Modem microprocessors include general purpose registers that are architecturally visible to programs. The programs use the general purpose registers to perform their necessary functions, such as arithmetical and logical calculations or movement of data between the microprocessor and memory or I/O devices. For example, within microprocessors that conform to the IA-32 Intel Architecture (also commonly known as the x86 architecture), general purpose registers include the EAX, EBX, ECX, EDX, ESI, EDI, ESP, and EBP registers, as well as the x86 floating-point register set and the multimedia-related MMX and XMM register sets.
In addition, it has become increasingly more common for microprocessors to also include registers that are accessible by programs, but that are not general purpose registers in the sense that the microprocessor restricts access to these non-general purpose registers unless the program attempting to access them has the requisite authority, or privilege, to do so. For example, within x86-compatible microprocessors exist model-specific registers (MSRs) that are control registers that may only be accessed by programs executing at the highest privilege level. The MSRs typically allow system software (i.e., privileged software) to enable, disable or configure various features of the microprocessor. In particular, the features may be specific to the microprocessor model. Examples of the features include performance, debugging, testing, monitoring, or power conservation features, among others. As an example, see Appendix B, Model-Specific Registers (MSRs), in the IA-32 Intel Architecture Software Developer's Manual, Volume 3B: System Programming Guide, Part 2, June 2006 for a list of MSRs included on various Intel microprocessor models.
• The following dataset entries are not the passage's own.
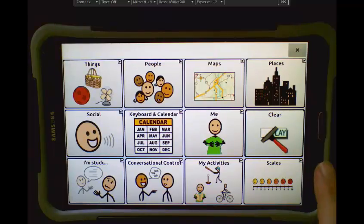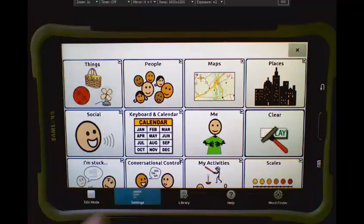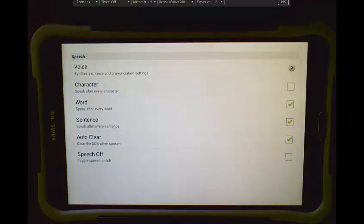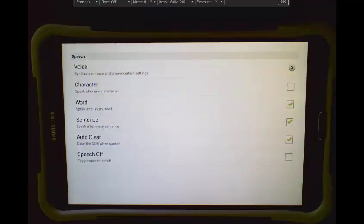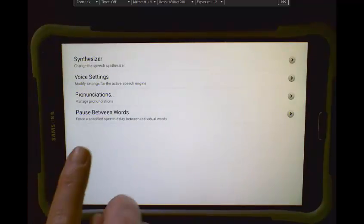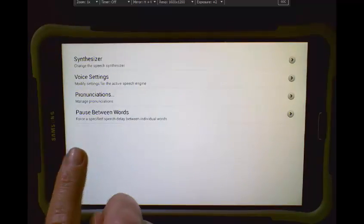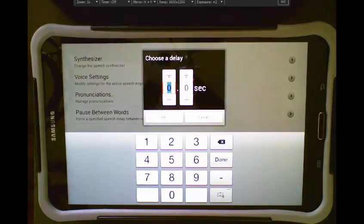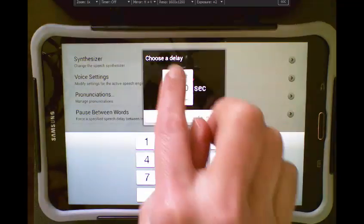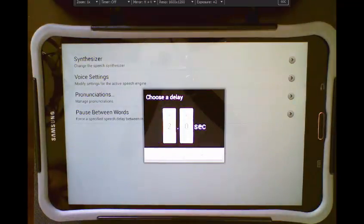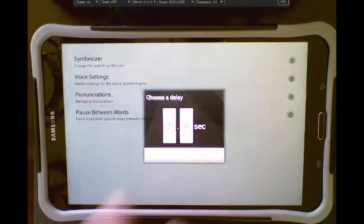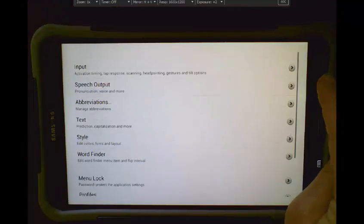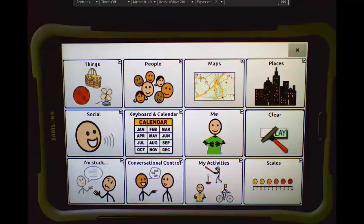Tap Menu, Settings, Speech Output, Voice, and we see the option for pause between words. I tap that option, and I now can set between one and three seconds between words. I'm going to go ahead and bring it to two, tap OK, and let's go back and try it out.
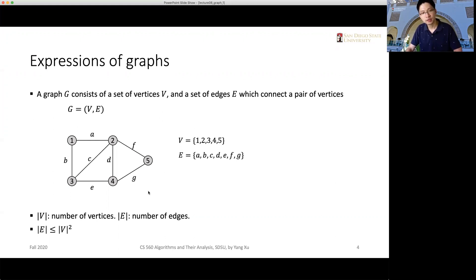Adjacency lists are more commonly used for sparse graphs, while the adjacency matrix is commonly used for dense graphs. A sparse graph has relatively few edges compared to the number of vertices, so many vertices are not connected. In a dense graph, there are many more edges and most vertices are connected.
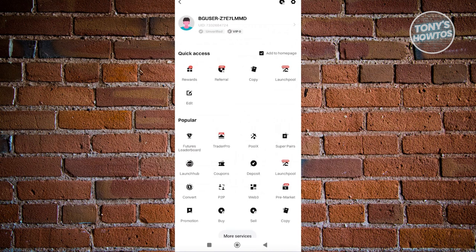So immediately at the very top, you should be able to see your username. But also underneath it, just above the unverified and the VIP section, you have the UID section, which in this case you could go and start copying it.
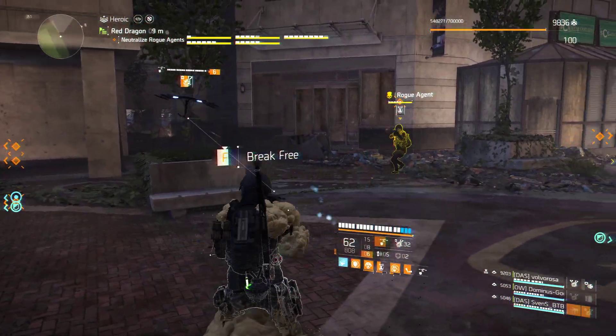Hit! Yeah! Rogue agent eliminated. Supply room access unlocked.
Many of the features that may be controlled by MSRs are relatively benign. However, some of the features that may be controlled by MSRs can drastically affect operation of the microprocessor. Because of the potentially drastic effects, some microprocessor manufacturers have gone even one step farther than requiring a high privilege level in restricting access to particularly “dangerous” MSRs. For example, certain models of microprocessors manufactured by Advanced Micro Devices, Inc. (AMD®) require the system software to provide a password in a general purpose register in order to access a subset of the MSRs of the processor, namely those MSRs that control certain features of the microprocessor's operation that the manufacturer considers dangerous.
Password-protecting access to MSRs has benefits; however, it also adds a burden to system software that needs to access the MSRs. In particular, password-protecting access to a subset of the MSRs of a processor raises the issue of whether the manufacturer has correctly identified the correct subset of MSRs to password protect. Conventionally, the subset of password-protected MSRs is hardcoded, that is, the subset is fixed at the time the manufacturer fabricates the microprocessor. This may be problematic if the manufacturer later discovers that it has password-protected an MSR that it now wishes it had not password-protected, or has not password-protected an MSR that it now wishes it had password-protected. At this point, the manufacturer will likely have to discard the parts that have already been fabricated with the undesirable subset of password-protected MSRs, which may potentially cause the manufacturer to lose a large amount of revenue. The probability of selecting the wrong subset of MSRs to password-protect increases as the number of MSRs per model increases, and in recent times the number of MSRs has proliferated. Therefore, what is needed is a way to alter the subset of password-protected MSRs in a microprocessor after the microprocessor has been fabricated.